Combine this with a decline in population, and the city's finances have been hit even harder, Wregglesworth said. Many forms of state and federal funding coming into the city are based on population, and the number of city residents dropped once again in the 2010 Census as it has for 90 years.
Wregglesworth said he doesn't believe raising taxes would be the answer. Rather, he believes this would push people out of the city and discourage residents and businesses from moving in.
When drafting the arrangement with the sheriff department, the city looked to the village of Hillman as a model, Wregglesworth said. The village depends on Montmorency County deputies for police coverage, and is similar in population and distance from the county seat to Onaway.

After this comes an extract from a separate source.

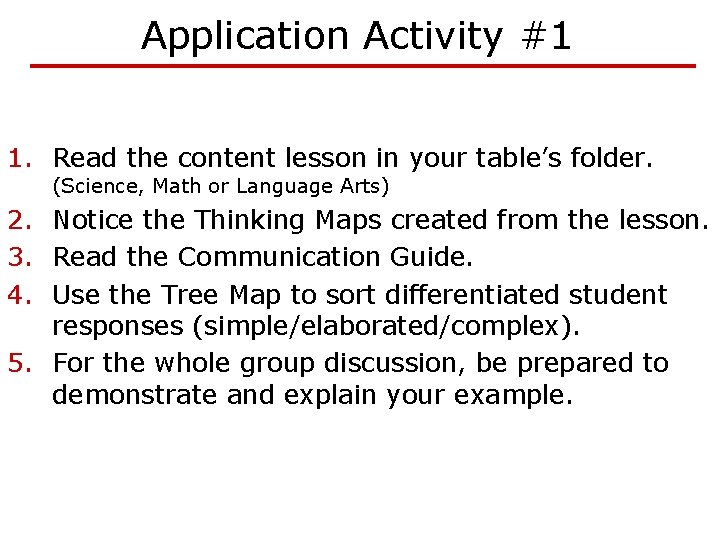 Application Activity #1 1. Read the content lesson in your table’s folder. (Science, Math Application Activity #1 1. Read the content lesson in your table’s folder. (Science, Math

Hillman Village Manager, David Post said the village has an agreement with the sheriff department where deputies enforce local ordinances and traffic codes. The department keeps fines from any enforcement.
Hillman has not had its own police department for a number of decades, Post said. Now, a countywide millage will provide funds for a sheriff deputy to patrol the Hillman area for 40 hours a week. In the time the village has depended on sheriff's deputies for police coverage, there have been little to no issues.
"We've had good luck," he said.
Without a similar county-wide millage, Onaway must work out its own solution. Wregglesworth said the agreement with the Presque Isle County Sheriff Department is "a good solution to a bad situation."
"It might not be exactly point for point what we have right at the moment, but the money situation dictates that we have to do something different," he said.